Final report issued on the Opal Tower

After an initial draft interim report which was released in January, the Office of Planning & Environment has completed a final report on the causes of dual evacuations in late December last year.

At the request of the Hon. Anthony Roberts, Minister for Planning and Housing, an investigation was carried out into the causes of structural damage to the Opal Tower in Sydney Olympic Park, which was first observed in late December 2018.

The first report stated that the Opal Tower was overall structurally sound and was not in any apparent danger of collapse, with significant repairs required to strengthen damaged hob beams and panels in the building.

With multiple visits to the tower and inspections by engineering teams, the main focus on the investigation was on the garden area in the slot of Level 10, where initial concerns came from residents who claimed complained about loud creaking noises.

The intermin report also questioned the structural integrity of various elements on Levels 3, 4, 9, 10, 16, 26 and the basement level B3.

After a thorough inspection of these levels, the report indicated that possible environmental factors, poor construction materials, issues with foundations, flaws in design and poor quality workmanship could all have been factors in the creaking noises.

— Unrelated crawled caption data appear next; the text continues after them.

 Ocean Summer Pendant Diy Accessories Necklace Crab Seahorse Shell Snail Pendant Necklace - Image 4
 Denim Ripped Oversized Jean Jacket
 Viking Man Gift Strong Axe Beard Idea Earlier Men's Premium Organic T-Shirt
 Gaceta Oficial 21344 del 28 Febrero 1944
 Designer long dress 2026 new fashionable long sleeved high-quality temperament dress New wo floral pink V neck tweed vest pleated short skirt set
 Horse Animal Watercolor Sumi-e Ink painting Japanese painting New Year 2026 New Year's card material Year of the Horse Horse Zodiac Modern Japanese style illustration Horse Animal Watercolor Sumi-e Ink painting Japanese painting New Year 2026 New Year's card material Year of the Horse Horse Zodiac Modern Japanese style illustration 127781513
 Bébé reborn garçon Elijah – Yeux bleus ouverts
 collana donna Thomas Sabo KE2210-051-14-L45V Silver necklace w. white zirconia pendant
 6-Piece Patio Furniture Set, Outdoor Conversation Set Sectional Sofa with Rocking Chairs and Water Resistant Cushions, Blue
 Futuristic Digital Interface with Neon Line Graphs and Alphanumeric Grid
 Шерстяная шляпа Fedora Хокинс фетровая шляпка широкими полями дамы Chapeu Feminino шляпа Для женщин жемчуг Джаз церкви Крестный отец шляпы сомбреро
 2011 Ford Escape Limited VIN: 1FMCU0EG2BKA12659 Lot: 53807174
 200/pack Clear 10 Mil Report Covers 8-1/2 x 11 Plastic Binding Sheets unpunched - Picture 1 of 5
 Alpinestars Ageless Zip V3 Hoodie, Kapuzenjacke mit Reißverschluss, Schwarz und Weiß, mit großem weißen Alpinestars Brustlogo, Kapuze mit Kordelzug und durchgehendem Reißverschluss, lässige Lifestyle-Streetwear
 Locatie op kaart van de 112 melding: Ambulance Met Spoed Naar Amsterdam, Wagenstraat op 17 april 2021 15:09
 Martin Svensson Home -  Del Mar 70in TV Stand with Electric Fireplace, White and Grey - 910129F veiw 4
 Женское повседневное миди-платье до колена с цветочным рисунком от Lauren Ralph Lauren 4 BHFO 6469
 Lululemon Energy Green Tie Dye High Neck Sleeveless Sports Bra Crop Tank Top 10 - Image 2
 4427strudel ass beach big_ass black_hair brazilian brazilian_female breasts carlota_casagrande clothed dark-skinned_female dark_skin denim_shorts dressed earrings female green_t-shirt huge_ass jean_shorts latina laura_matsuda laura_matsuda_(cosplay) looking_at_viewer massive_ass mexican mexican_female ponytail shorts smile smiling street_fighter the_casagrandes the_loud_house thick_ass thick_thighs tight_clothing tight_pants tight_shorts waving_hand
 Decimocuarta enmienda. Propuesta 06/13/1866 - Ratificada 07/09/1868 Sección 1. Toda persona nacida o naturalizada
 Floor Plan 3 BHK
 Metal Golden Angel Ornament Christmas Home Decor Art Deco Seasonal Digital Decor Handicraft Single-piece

These findings came with much anguish to residents who had been forced to evacuate numerous times over the Christmas holidays, as well as facing property devaluation of almost fifty per cent.

The final report which was released on Feb 19, stated the following as definite causes of damage to the Opal Tower:

  1. The as-constructed hob beam/panel assembly was under-designed, according to the National Construction Code (NCC) and the Australian Standard for Concrete Structures (AS36001), at a number of locations in the building.
  2. This left the hob beams susceptible to failure by shear compression and bursting. The decision, taken after the initial design, to grout only partially the joints between the hob beams and panels, significantly raised the levels of stress in the hob beams on levels 4, 10, 16 and 26.
  3. Construction and material deficiencies likely precipitated the observed major damage to hob beams on Level 10 C (electrical conduit and reinforcing steel in the cover region, and a panel repair) and Level 4-A (lower strength concrete than used in hobs elsewhere and partial grout coverage).
  4. The observed damage in the concrete panel at Level 10 and in the Level 10 floor slab was likely a consequence of the adjacent hob beam failures and not the original cause of the damage observed at Level 10.

Appropriate preparation work will now take place to ensure that the building is safe for residents. This includes the replacement of damaged hob beans to provide the required load carrying capacity.

The report also indicates that all designs and construction associated with the repairs will need to be checked and certified as safe by qualified independent structural engineers, before the re-occupation of residents.

Recommendations on avoiding this type of incident in the future included the creation of a government ‘Registered Engineers’ database as well as an independent third party checking system.  The report also calls for a ‘Building Structure Review Board’ with the focus on establishing facts relating to structural damage from design and construction.